▶ [Prompt]: Restate word for word the opening line of the data below and every line after it until the line with "Britain's Cameron Mason", that line too, but not the pictures.

══ Source data

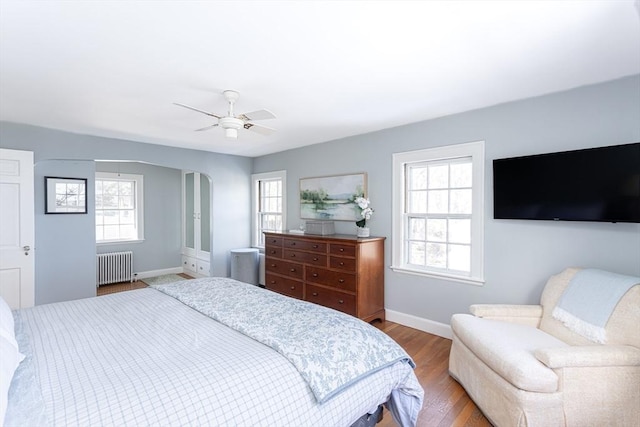 bedroom with multiple windows, radiator, hardwood / wood-style floors, and ceiling fan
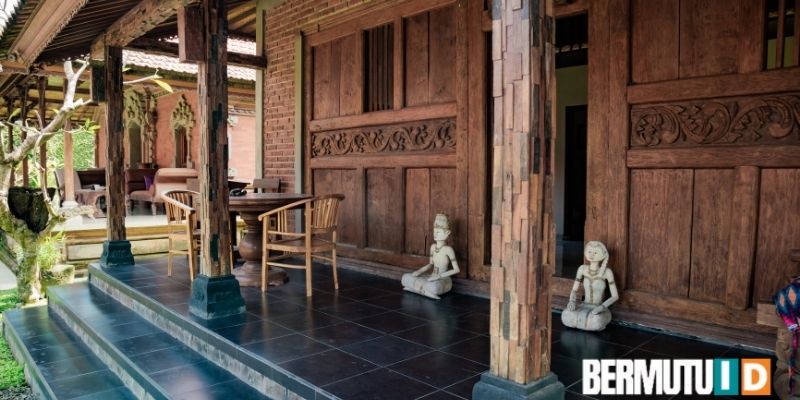 menempatkan patung khas bali di teras rumah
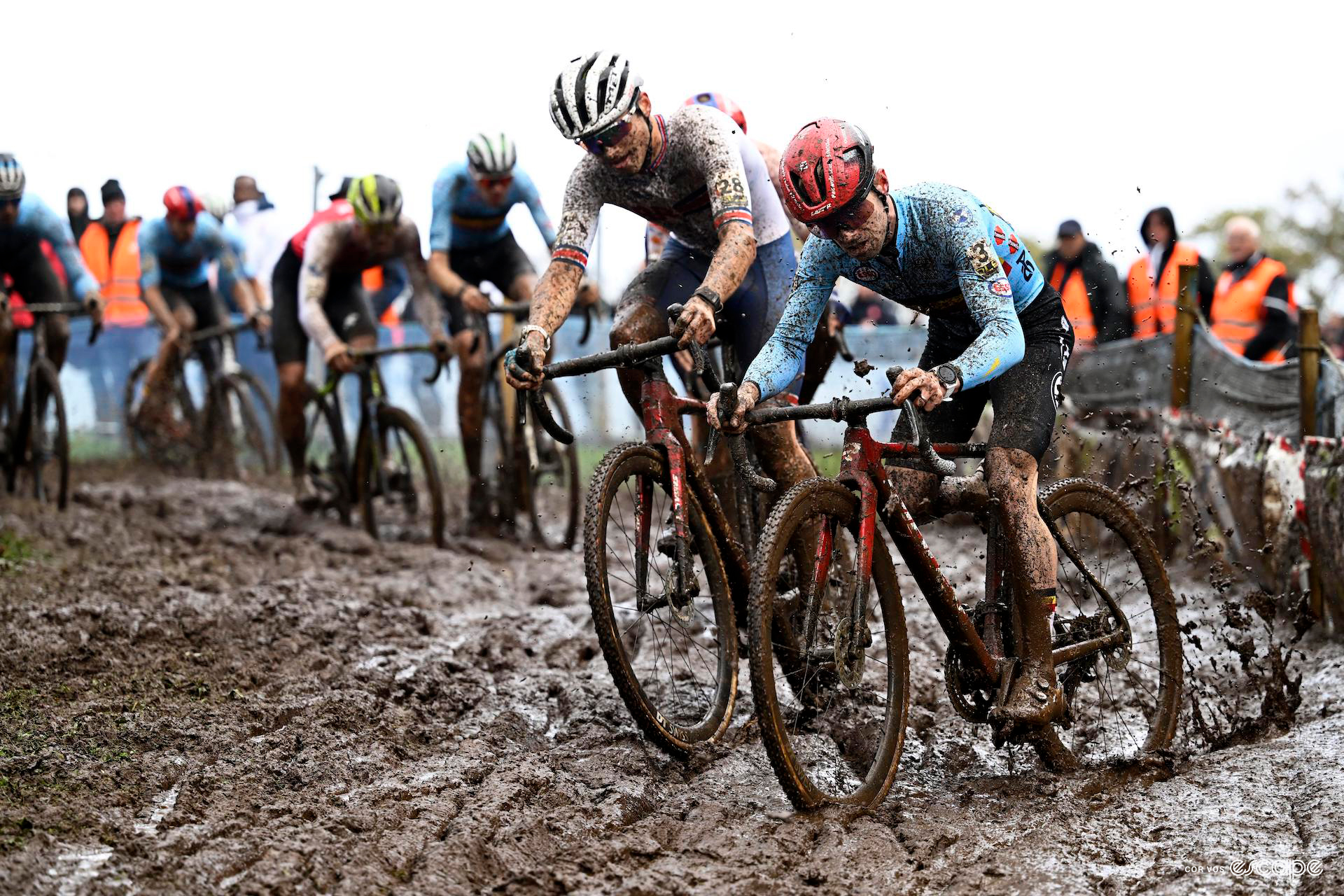 Britain's Cameron Mason and Belgian Eli Iserbyt turn through an incredibly muddy corner during the 2023 CX European Champs.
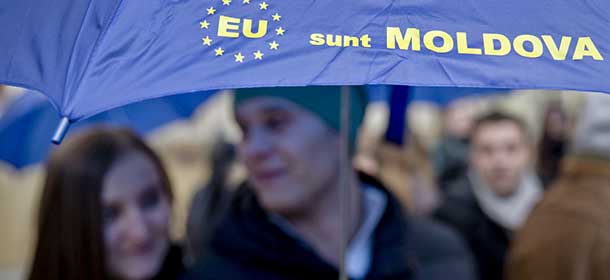 Moldovan students hold an umbrella that uses the European Union symbol to form the sentence "I am Moldova" after arriving in the Romanian capital to vote, at the main railway station, Gara de Nord, in Bucharest, Romania, Sunday, Nov. 30, 2014. Moldovans vote in elections where they are choosing between parties that want to move closer to Europe and those that want to move back into Russia's orbit.Sunday's parliamentary election takes on wider significance with the unrest in neighboring Ukraine. Moldova, like Ukraine, has a pro-Russia separatist region in its east.(AP Photo/Vadim Ghirda)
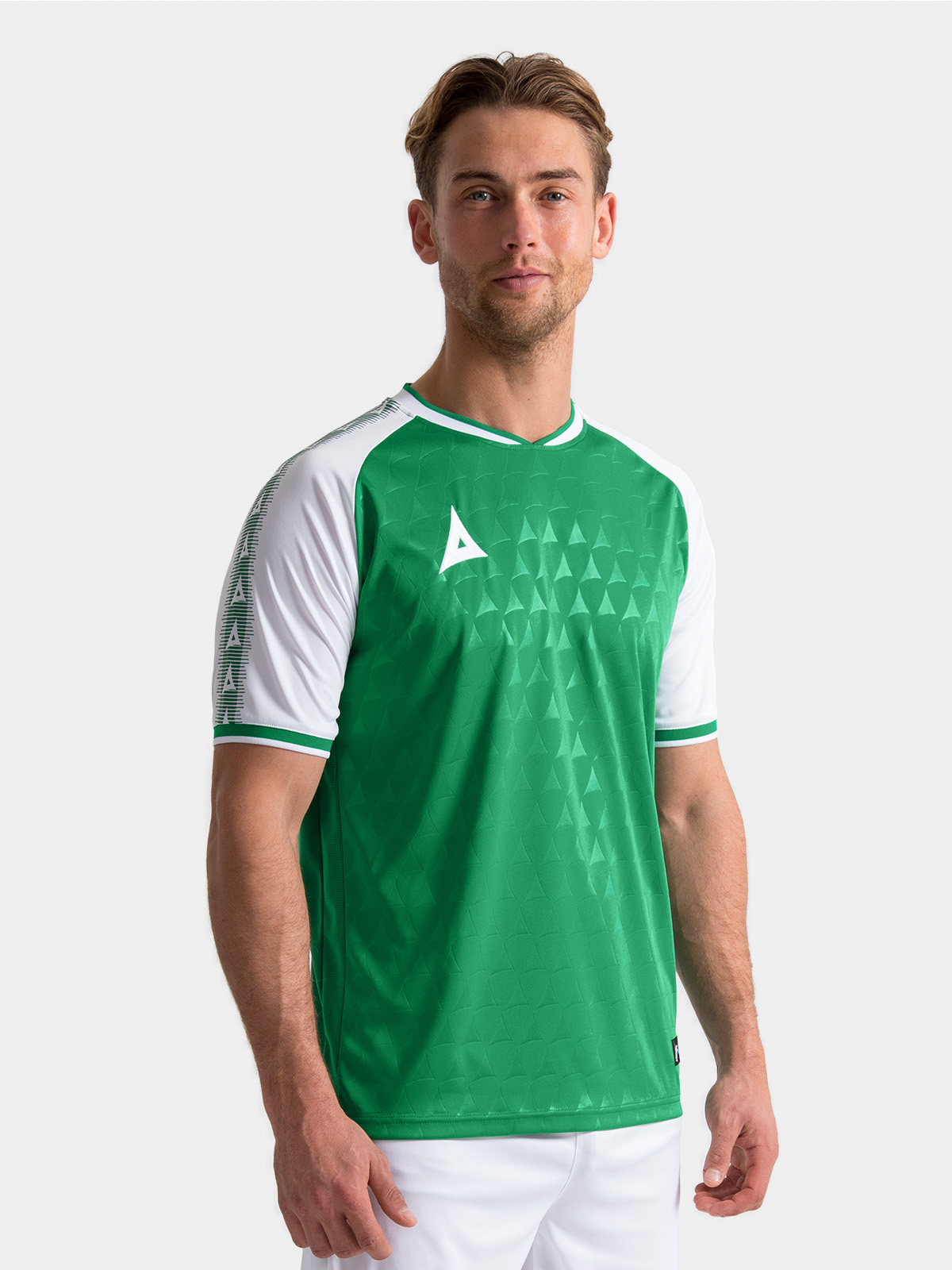 	lifestyle shot of the green and white heritage jersey showing the premium debossed fabric on-model.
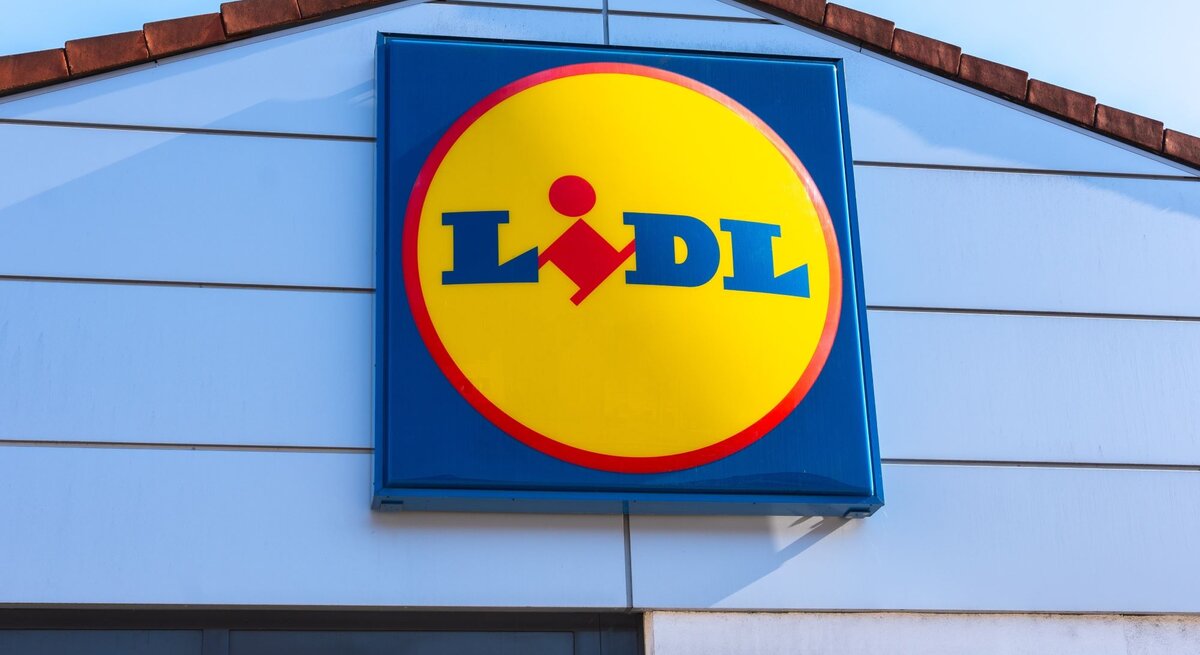 Lidl-Logo in gelber Kreisform mit rotem Rand an der hellblauen Fassade eines Filialgebäudes unter klarem Himmel.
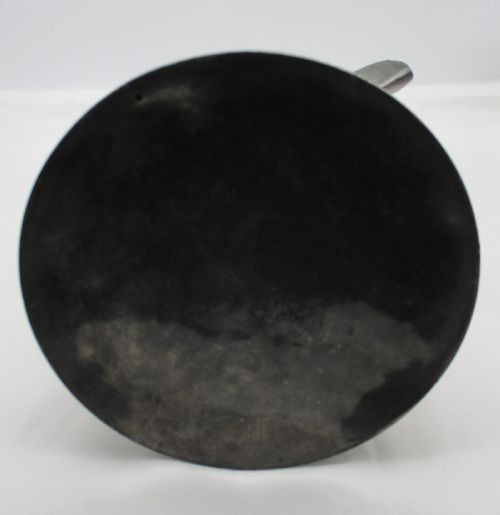 A pair of matching 19th-century pewter communion flagons featuring domed hinged lids, thumbpiece levers, scroll handles, and engraved inscriptions on the cylindrical bodies. View X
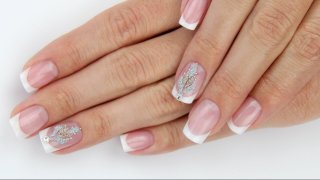 Square-shaped French nail in salon length with wiped smile line and white free edge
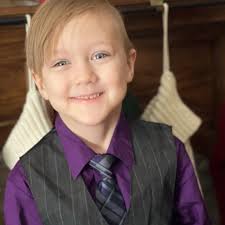 It was dress to impress day at school, for their New Year's celebration!  Coen loves to dress up, so he was so excited about this. He said the purple  gave him Willy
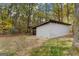 Outbuilding with ample storage and a sheltered overhang, surrounded by forest and grassy yard at 335 Gum Creek Rd, Roopville, GA 30170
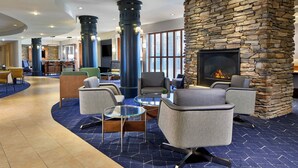 A lobby with a stone fireplace, seating area, and a large TV screen. - Courtyard by Marriott Rochester Brighton (Rochester)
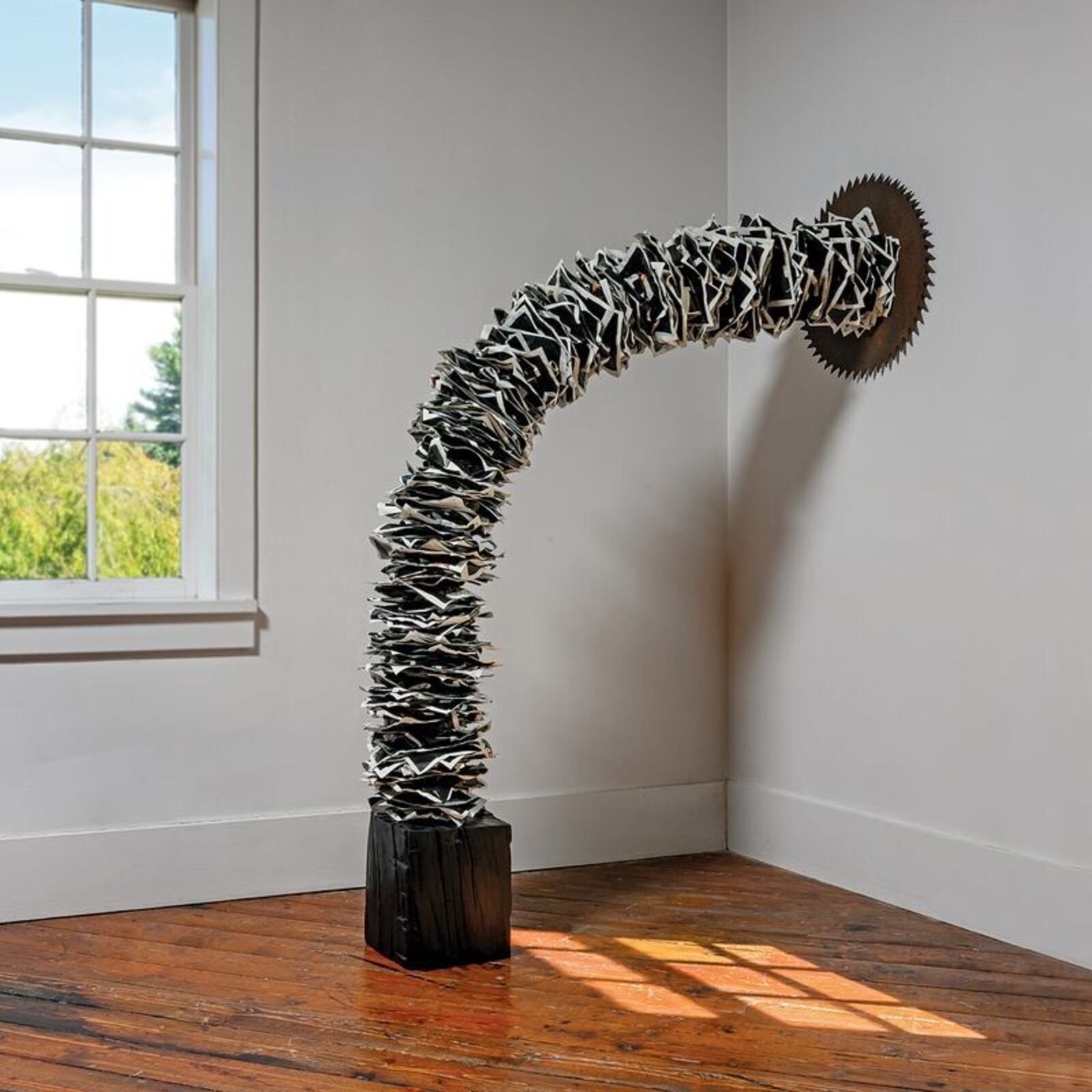 A sculptural installation featuring a jagged, metallic arch anchored by a dark block and ending in a spiked disc.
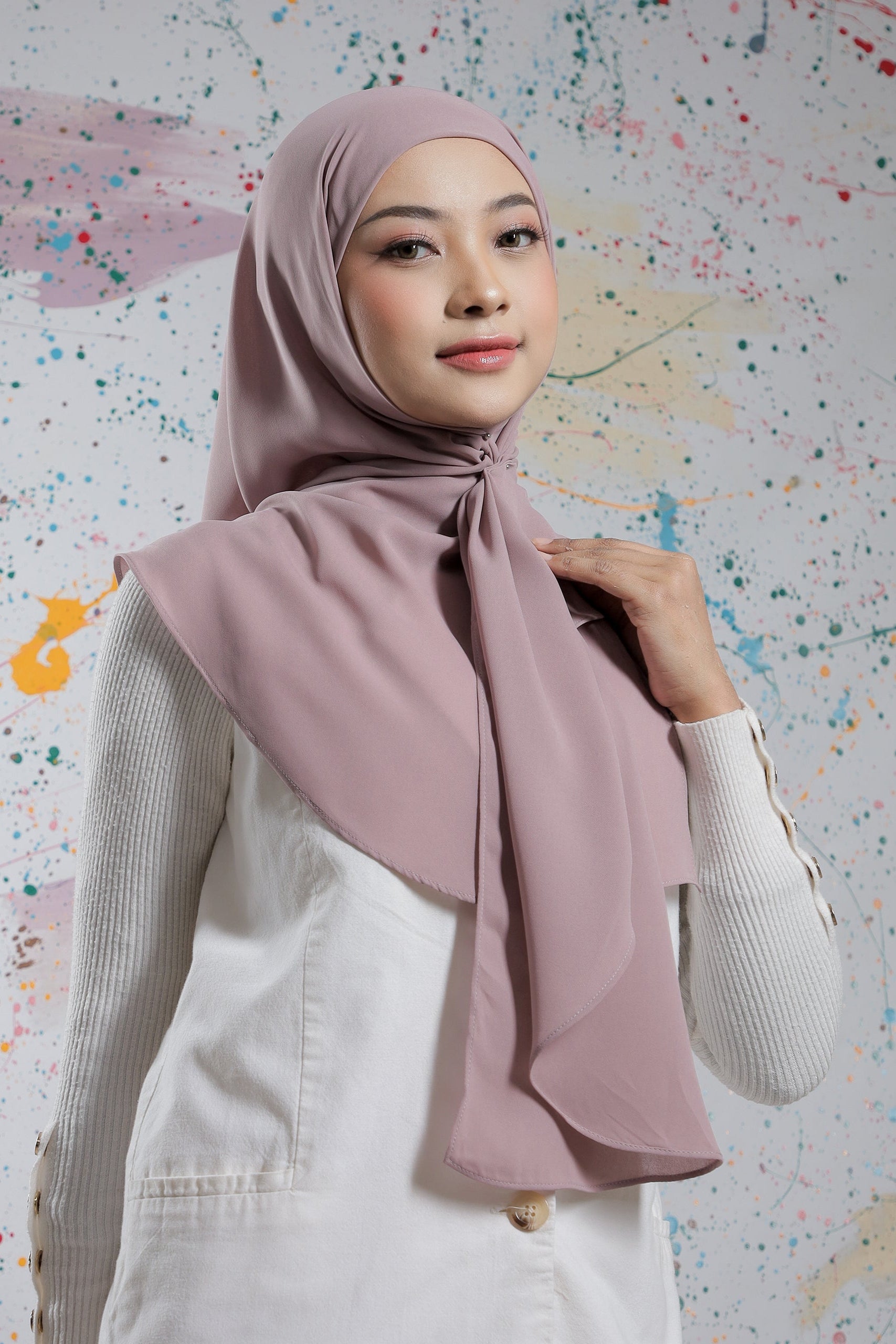 Woman wearing a light pink hijab against a colorful abstract background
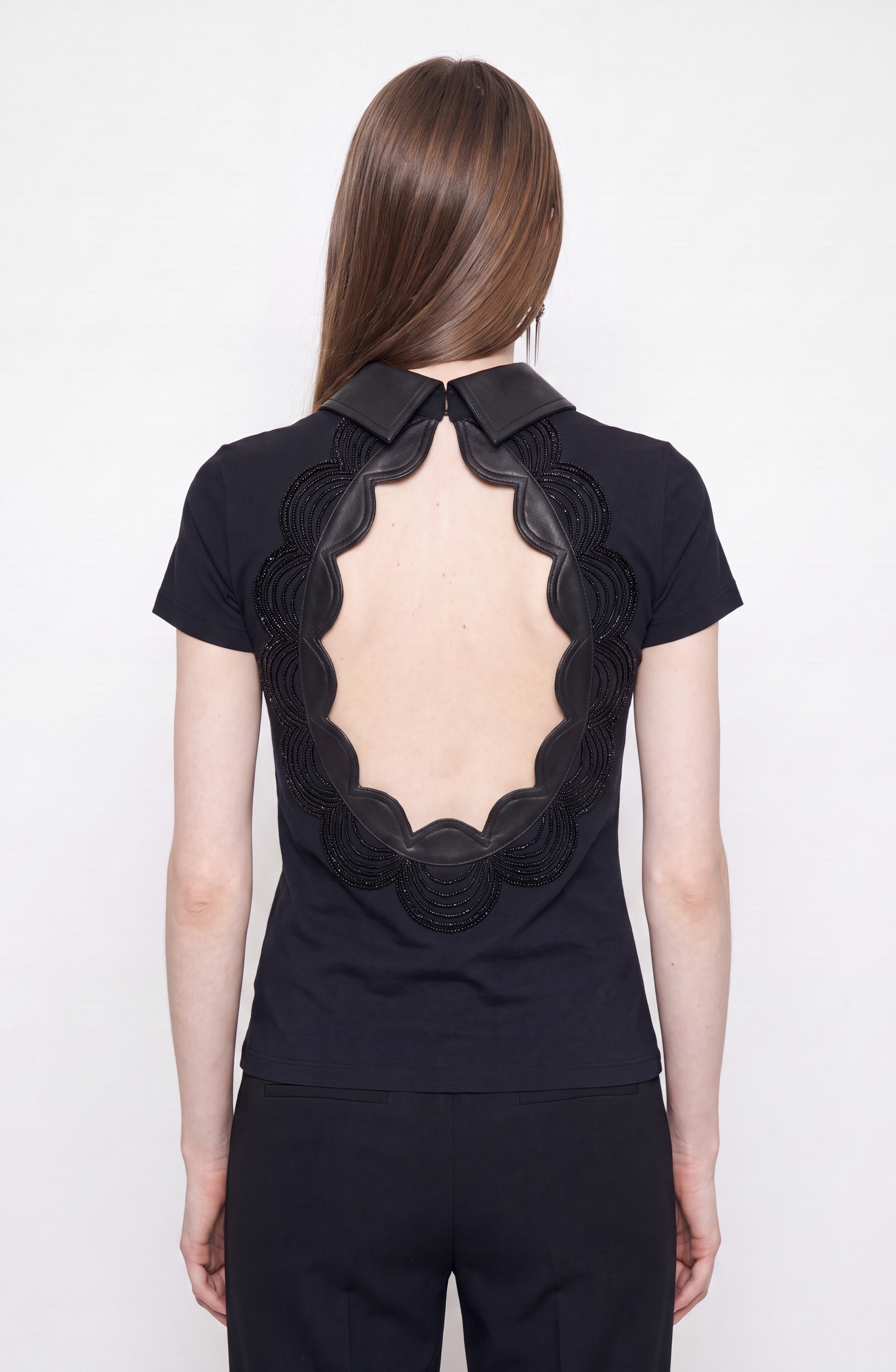 A person with long straight hair wears the LOULOU Scalloped Open Back Top— a black cotton blend fitted top with a large oval-shaped open back trimmed in scalloped leather—paired with black pants, standing against a plain light background.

════

▶ [Worked solution]:
 bedroom with multiple windows, radiator, hardwood / wood-style floors, and ceiling fan
 menempatkan patung khas bali di teras rumah
 Britain's Cameron Mason and Belgian Eli Iserbyt turn through an incredibly muddy corner during the 2023 CX European Champs.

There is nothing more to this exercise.